Set the records down again in full, with every word kept.

[Dataset]
+ + + + + + +
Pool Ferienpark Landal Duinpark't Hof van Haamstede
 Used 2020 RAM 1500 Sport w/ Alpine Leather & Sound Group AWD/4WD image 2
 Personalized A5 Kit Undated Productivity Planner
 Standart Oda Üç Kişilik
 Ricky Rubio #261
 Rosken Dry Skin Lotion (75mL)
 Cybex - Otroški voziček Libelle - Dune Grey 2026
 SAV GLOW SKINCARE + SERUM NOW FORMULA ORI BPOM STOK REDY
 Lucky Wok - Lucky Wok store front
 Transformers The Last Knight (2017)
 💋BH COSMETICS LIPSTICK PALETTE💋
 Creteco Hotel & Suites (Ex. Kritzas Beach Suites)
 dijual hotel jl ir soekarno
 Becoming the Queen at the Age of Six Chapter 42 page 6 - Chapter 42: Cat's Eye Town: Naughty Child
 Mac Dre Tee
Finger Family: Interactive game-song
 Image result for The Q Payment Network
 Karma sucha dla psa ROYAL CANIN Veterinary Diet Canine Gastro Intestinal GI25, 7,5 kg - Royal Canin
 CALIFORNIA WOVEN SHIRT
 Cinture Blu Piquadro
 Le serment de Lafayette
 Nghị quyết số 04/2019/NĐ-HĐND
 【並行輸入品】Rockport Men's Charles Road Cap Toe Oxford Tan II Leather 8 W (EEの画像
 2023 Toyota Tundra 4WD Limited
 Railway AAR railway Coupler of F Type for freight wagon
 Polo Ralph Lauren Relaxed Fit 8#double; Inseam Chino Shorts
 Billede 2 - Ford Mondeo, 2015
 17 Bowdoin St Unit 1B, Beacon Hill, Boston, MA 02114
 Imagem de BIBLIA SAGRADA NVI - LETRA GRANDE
+ + + + + + +
[Answer space]
Pool Ferienpark Landal Duinpark't Hof van Haamstede
 Used 2020 RAM 1500 Sport w/ Alpine Leather & Sound Group AWD/4WD image 2
 Personalized A5 Kit Undated Productivity Planner
 Standart Oda Üç Kişilik
 Ricky Rubio #261
 Rosken Dry Skin Lotion (75mL)
 Cybex - Otroški voziček Libelle - Dune Grey 2026
 SAV GLOW SKINCARE + SERUM NOW FORMULA ORI BPOM STOK REDY
 Lucky Wok - Lucky Wok store front
 Transformers The Last Knight (2017)
 💋BH COSMETICS LIPSTICK PALETTE💋
 Creteco Hotel & Suites (Ex. Kritzas Beach Suites)
 dijual hotel jl ir soekarno
 Becoming the Queen at the Age of Six Chapter 42 page 6 - Chapter 42: Cat's Eye Town: Naughty Child
 Mac Dre Tee
Finger Family: Interactive game-song
 Image result for The Q Payment Network
 Karma sucha dla psa ROYAL CANIN Veterinary Diet Canine Gastro Intestinal GI25, 7,5 kg - Royal Canin
 CALIFORNIA WOVEN SHIRT
 Cinture Blu Piquadro
 Le serment de Lafayette
 Nghị quyết số 04/2019/NĐ-HĐND
 【並行輸入品】Rockport Men's Charles Road Cap Toe Oxford Tan II Leather 8 W (EEの画像
 2023 Toyota Tundra 4WD Limited
 Railway AAR railway Coupler of F Type for freight wagon
 Polo Ralph Lauren Relaxed Fit 8#double; Inseam Chino Shorts
 Billede 2 - Ford Mondeo, 2015
 17 Bowdoin St Unit 1B, Beacon Hill, Boston, MA 02114
 Imagem de BIBLIA SAGRADA NVI - LETRA GRANDE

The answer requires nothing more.